Thoughts on MySQL character set architecture

Author：Eve Cole Update Time：2010-01-07 17:31:04

With the widespread use of various multi-byte character sets, a very high proportion of English-speaking programmers in software development do not know much about multi-byte characters. This is why many vulnerabilities in recent years are multi-byte. a cause. The author of this article talks about his own views on the role of MySQL's character set architecture. In the past few months, every time I use MySQL, I almost always think: Is MySQL’s current hierarchical character set architecture really useful?

MySQL character set processing

Send request

Client (character_set_client)=》Database connection (character_set_connection)=》Storage (table, column)

return request

Storage (table, column)=》Database connection (character_set_connection)=》Client (character_set_results)

At each non-initial node, a character set conversion operation is performed from the previous node to the current node. For example, consider the following environment:

◆ character_set_connection utf-8

◆ character_set_results gbk

◆ character_set_client gb2312

◆ There is table A, and the field character sets are all BIG5

When sending a request, the data is first converted from gbk to utf-8, then to BIG5, and then stored.

When returning the request, the data is first converted from BIG5 to utf-8, then to gb2312, and then sent to the client.

The role of architecture

1. Allow different clients to have different character sets. A typical example is that I have a UTF-8 site, which is a client with a charset client of UTF-8. At the same time, I may need to read and write the database on a gbk terminal, which is another client, but its character set is gbk.

2. When operating the file system through the database, you need to convert the file path to the character set of the file system. For example my client is gbk and the server file system is utf-8. Operation "/A slice/Rina.rmvb", among the data sent, the data of "slice" is different from the server. At this time, there needs to be a way to convert the "slice" of GBK to utf-8. Here MySQL introduces something called character_filesystem to accomplish this.

Other than that, I can't think of any other uses for the moment. But think about it carefully, do we really need this kind of treatment? Many websites just hope that their data can come out as they please. There are two more situations here.

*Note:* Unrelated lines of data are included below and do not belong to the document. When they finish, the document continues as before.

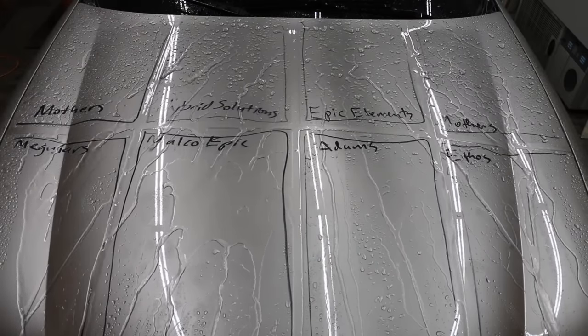I absolutely love it when I find a product that doesn't cost a lot and outperforms the more expensive competition. The Hybrid Solutions Ceramic Spray Coating definitely came out on top, followed by Epic Elements and finally Atom's. All the videos on this channel are viewer-suggested ideas, so if you have a video idea, I hope you'll take time to leave a comment. Thanks so much for watching — please take care and I look forward to next time.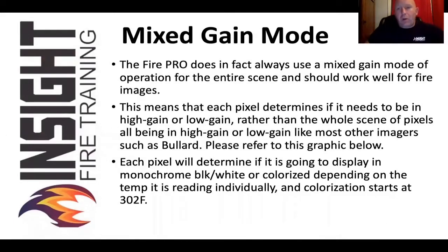However, it uses something called mixed game mode. Every other camera on the market, when it switches from high to low sensitivity, a green triangle shows up. Seek Fire Pro does not. Each pixel switches independently.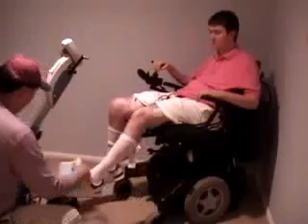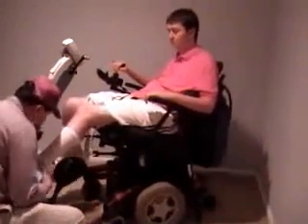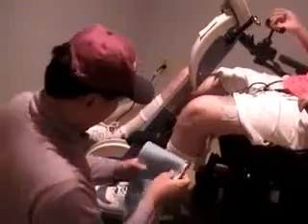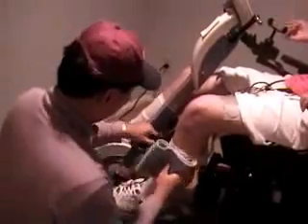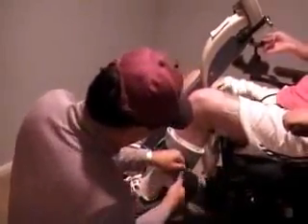This is the RT300, one of my favorite pieces of equipment in my home gym. Right now you're seeing myself, Josh Basil, and my caregiver, Neil Minello, setting up on the RT300.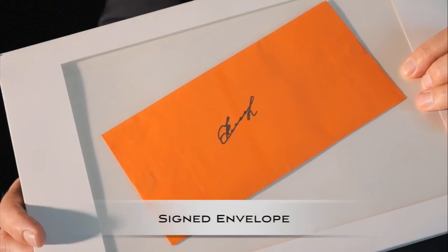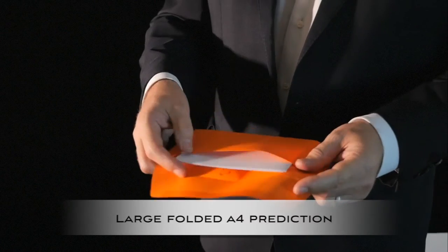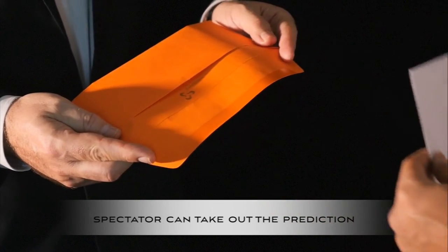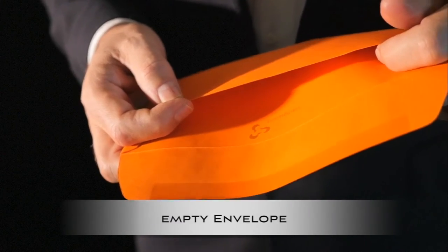If you are looking for a four-way out envelope where the envelope can be signed, the envelope has a large folded A4 prediction inside where the spectator can take out the prediction, and the envelope afterwards is fully empty — then Switchalong is for you.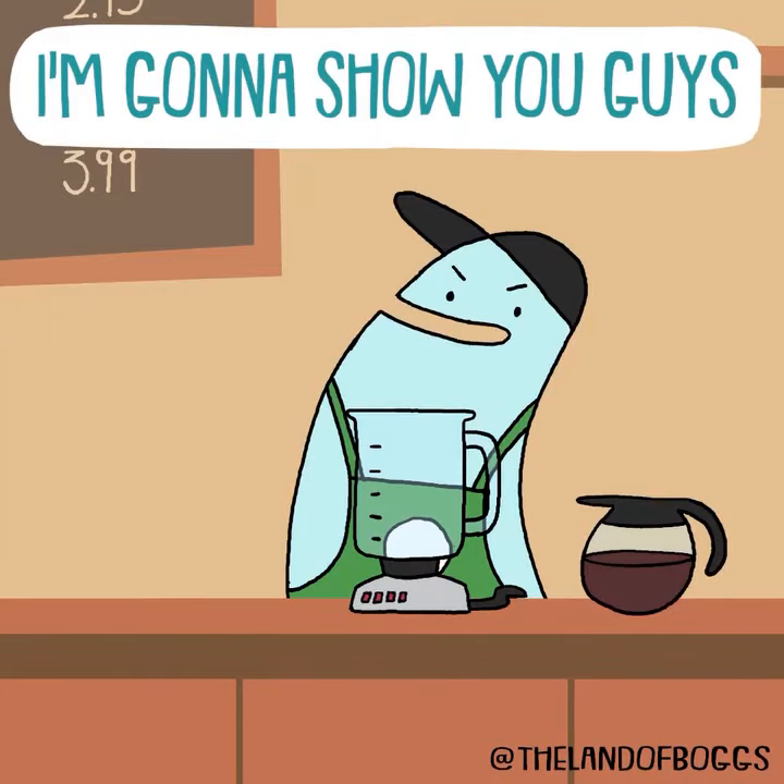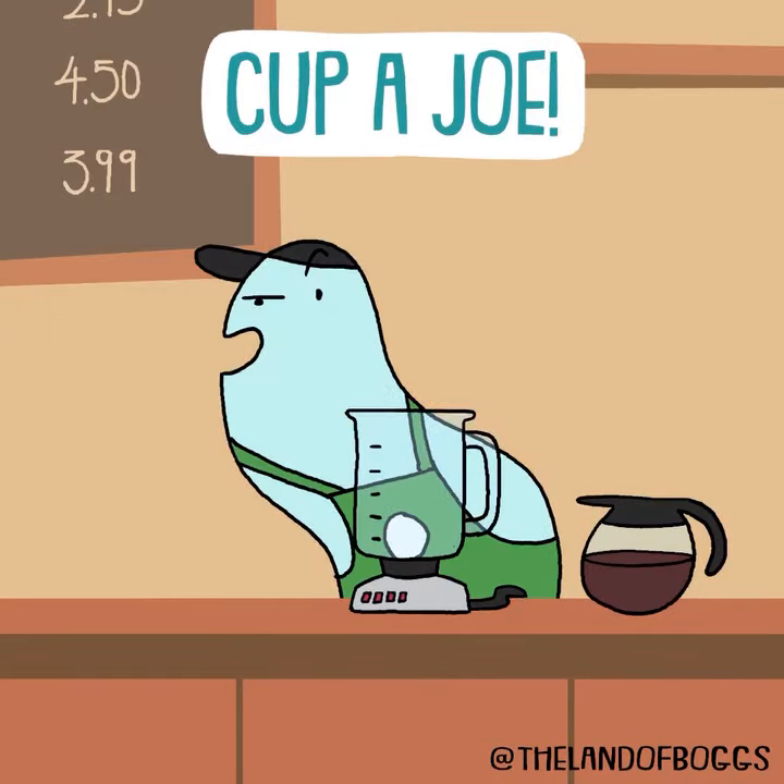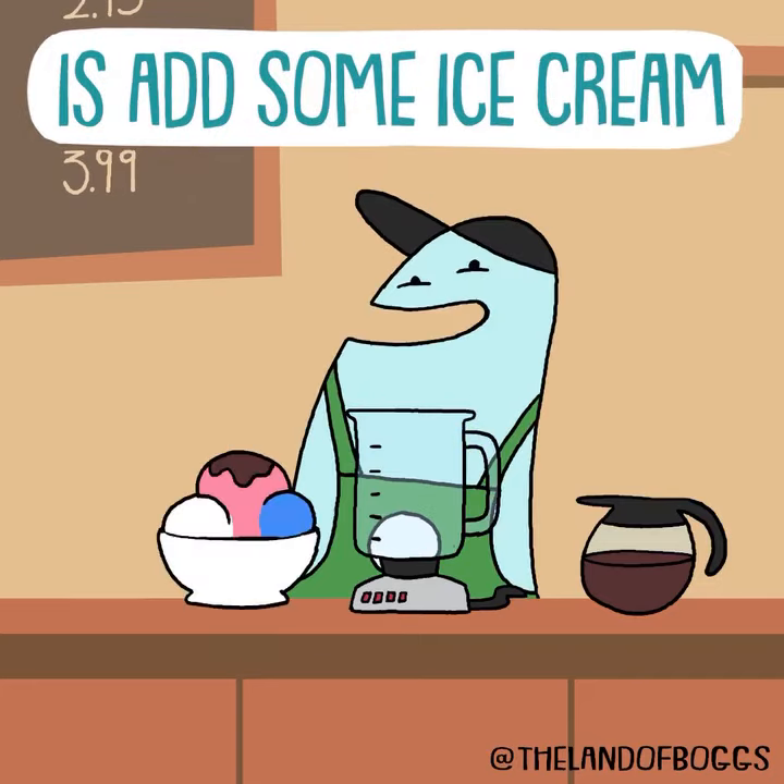Hey, Boggle here. I'm going to show you guys how to make a mean cup of joe. What I like to do to spruce up my coffee is add some ice cream.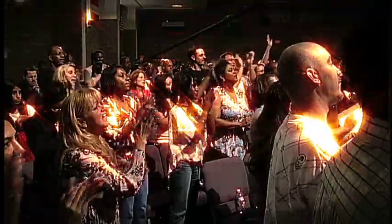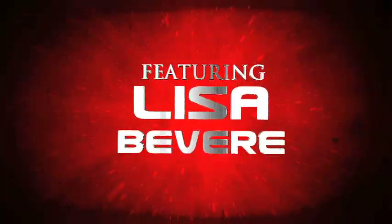There are a lot of pure-hearted people who think, 'Well, I'm just walking in godliness, so the gift is automatically going to be stirred.' No — you have to stir it. Lisa Bevere shares her personal story of overcoming intimidation.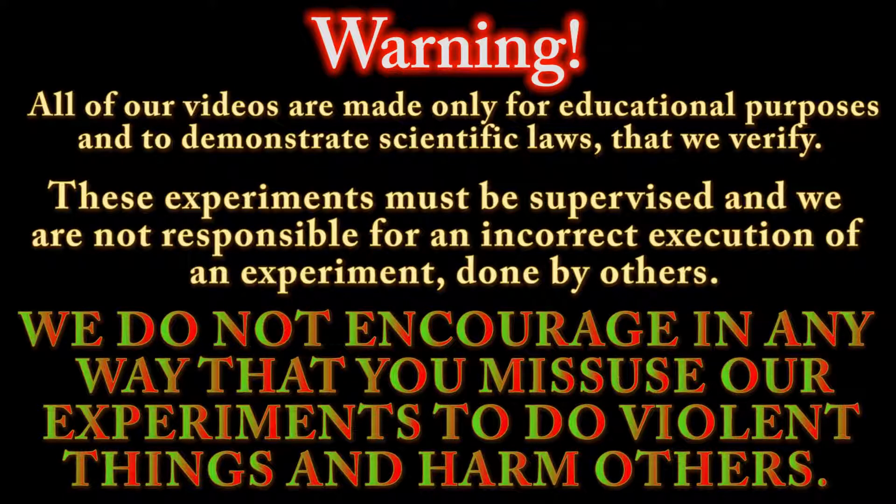Warning: all of our videos are made only for educational purposes and to demonstrate scientific laws that we verify. These experiments must be supervised and we are not responsible for an incorrect execution of an experiment done by others. We do not encourage in any way that you misuse our experiments to do violent things and harm others.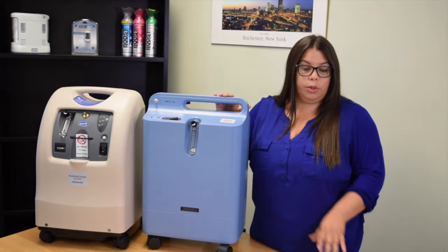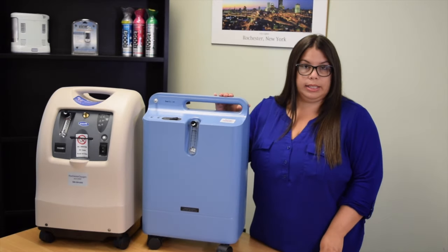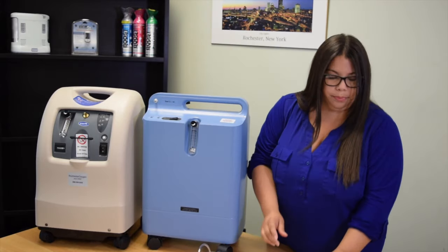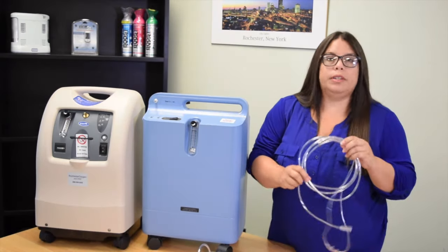Along with your concentrator you will be receiving a bag of supplies. In that bag you will find the 50-foot tubing, the swivel connector, and the 7-foot cannula.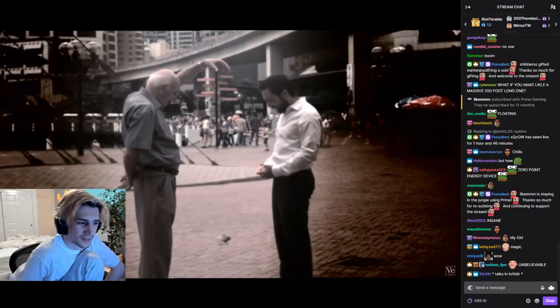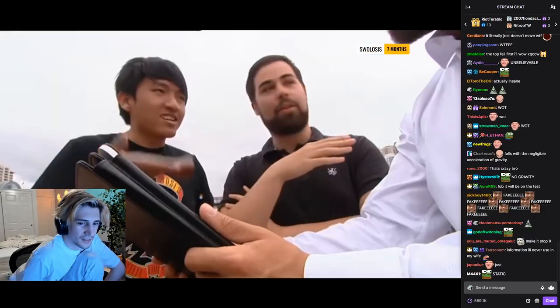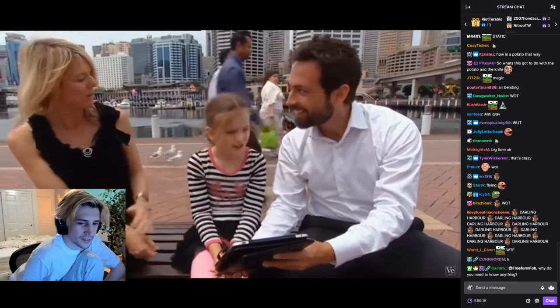Like in mid-air, it's suspended. What? Yeah, it doesn't move at all. How does that work?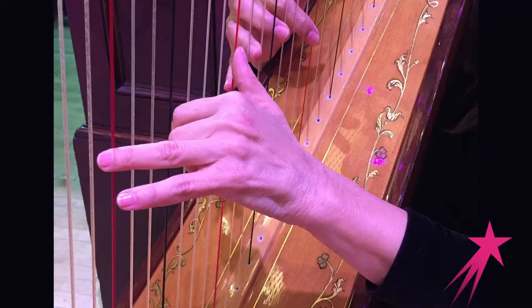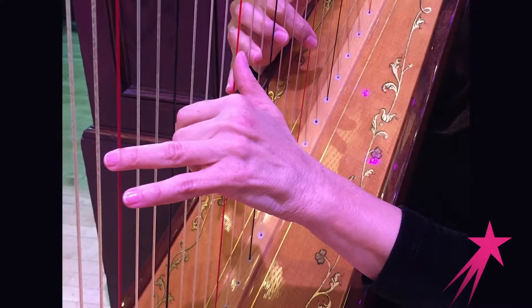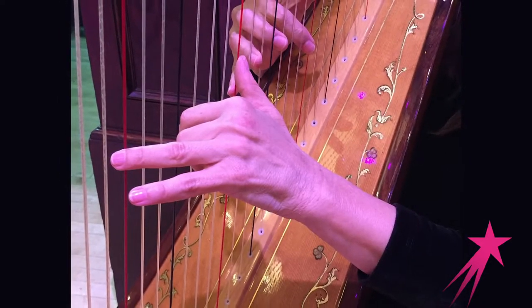Some of the hand exercises include scales for the harp, arpeggios for the harp, and different configurations of fingering. On harp, we only use the first four fingers of each hand — we don't use the little finger because it's a little bit weak, much weaker than the other fingers.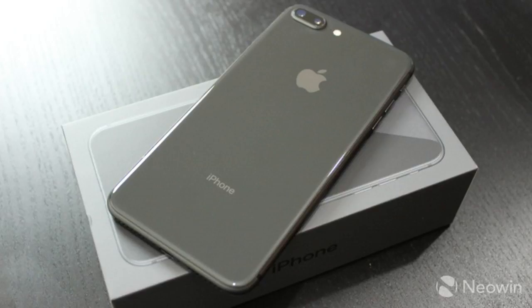Upon opening up the box, you'll find that there is no fast charger included, despite the device supporting it. You'll need to grab some extra gear from Apple for that.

1. I hope I can sort or perform like operations based on the data. Let’s talk about sorting first. For fields containing Chinese, the concept of sorting based on character sets is useless. When sorting Simplified Chinese, you generally want to sort by Pinyin. I have not really understood the verification in MySQL, but judging from the programs I have come into contact with, if this type of sorting is required, a field is specially created to store pinyin for sorting. There are also polyphonic characters in Pinyin. If it is UTF-8, there is also a situation where a certain range of Chinese is shared by China, Japan and South Korea at the same time. It is not so easy to implement, so neither the GBK nor the UTF-8 checkset of MySQL should implement Pinyin. I dare say that most websites in China that use MySQL now use a check set that is just a byte sort. With byte sorting, there is no need to use any character set at all. Therefore, for Chinese sites, MySQL character verification has no meaning in sorting.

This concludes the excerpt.